Le travail à l’oreille a ses adeptes. Ce sont généralement les musiciens autodidactes qui utilisent cette façon de retenir un morceau. Néanmoins, cette approche a ses revers et aura bien du mal à rentrer dans le cadre d’une partition classique apprise par cœur où chaque note et emplacement rythmique devront être respectés, aujourd’hui, mais aussi les jours suivants.

Souvent trop mécanique, l’appris par cœur peut ainsi conduire à des erreurs ou à des approximations. Il faut donc être vigilant et, de temps en temps, retourner à la partition pour s’assurer que des défauts ne se soient pas installés à ses dépens (surtout au niveau rythmique). Ce genre de problème existe dans tous les styles de musique, même dans le domaine des musiques improvisées, comme le jazz, où le respect de la partition s’accommode de quelques transgressions.


RETENIR UNE PARTITION SANS SE TROMPER

L’acte de mémoriser demande d’y accorder de l’importance, mais pour retenir une partition, il faut d’abord l’aimer, non pas que cela soit impossible dans le cas contraire, mais ce sera beaucoup plus difficile. Ensuite, il ne faut pas que cette volonté de mémoriser conduise à des conflits intérieurs, à des souffrances qui obscurcissent la pensée.

En musique, la plupart des œuvres sont constituées de passages clés que notre cerveau isole « automatiquement » de l’ensemble. Au tout début, lorsque la partition n’est plus là pour nous guider (et nous rassurer), on s’aperçoit vite que le trou de mémoire intervient souvent au même passage, suite à un trait mélodique ou à une suite d’accord sans explication rationnelle. Rien de dramatique à cela. C’est même normal. Notre cerveau s’attache davantage aux détails émotionnels. En fait, il ne retient que ce qui le passionne et ne prête pas attention au reste. Il faut donc contourner la difficulté en nous préoccupant de ces moments qui nous laisse plus particulièrement indifférent ou qui nous rebute pour d'obscures raisons.

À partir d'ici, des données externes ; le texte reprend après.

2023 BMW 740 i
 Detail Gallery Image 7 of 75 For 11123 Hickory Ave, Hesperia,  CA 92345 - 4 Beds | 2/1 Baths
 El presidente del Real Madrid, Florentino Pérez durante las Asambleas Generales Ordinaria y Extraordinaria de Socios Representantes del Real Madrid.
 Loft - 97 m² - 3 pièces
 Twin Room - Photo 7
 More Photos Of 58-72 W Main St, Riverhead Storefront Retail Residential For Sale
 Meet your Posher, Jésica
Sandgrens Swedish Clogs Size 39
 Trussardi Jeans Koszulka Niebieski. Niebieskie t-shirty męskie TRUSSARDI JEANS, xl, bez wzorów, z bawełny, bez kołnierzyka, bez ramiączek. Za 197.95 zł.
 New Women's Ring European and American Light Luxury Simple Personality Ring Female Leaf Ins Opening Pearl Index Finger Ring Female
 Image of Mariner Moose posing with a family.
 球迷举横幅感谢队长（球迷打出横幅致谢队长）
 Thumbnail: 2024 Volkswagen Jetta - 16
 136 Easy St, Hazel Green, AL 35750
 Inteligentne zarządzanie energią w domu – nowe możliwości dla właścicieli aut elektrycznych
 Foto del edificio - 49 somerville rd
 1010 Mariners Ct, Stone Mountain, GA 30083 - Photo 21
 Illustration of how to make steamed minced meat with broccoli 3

Faire preuve d’anticipation sert également en se repassant le film dans sa tête. Cela consiste à fermer les yeux puis à imaginer le clavier devant soi en mimant très lentement la gymnastique des doigts qui joue le morceau. Cela permet d’imprégner en profondeur notre cerveau de la gestuelle : doigté, déplacement des mains, position... En l'essayant, vous vous rendrez vite compte de la prise de conscience de la portée de chaque geste, de chaque mouvement des doigts.

Enfin, le mieux, pour conduire tous ces efforts-là, consiste à travailler plutôt le soir, car il est bien connu que durant le sommeil, l’activité du cerveau est souvent profitable. Le soir est donc un moment à privilégier.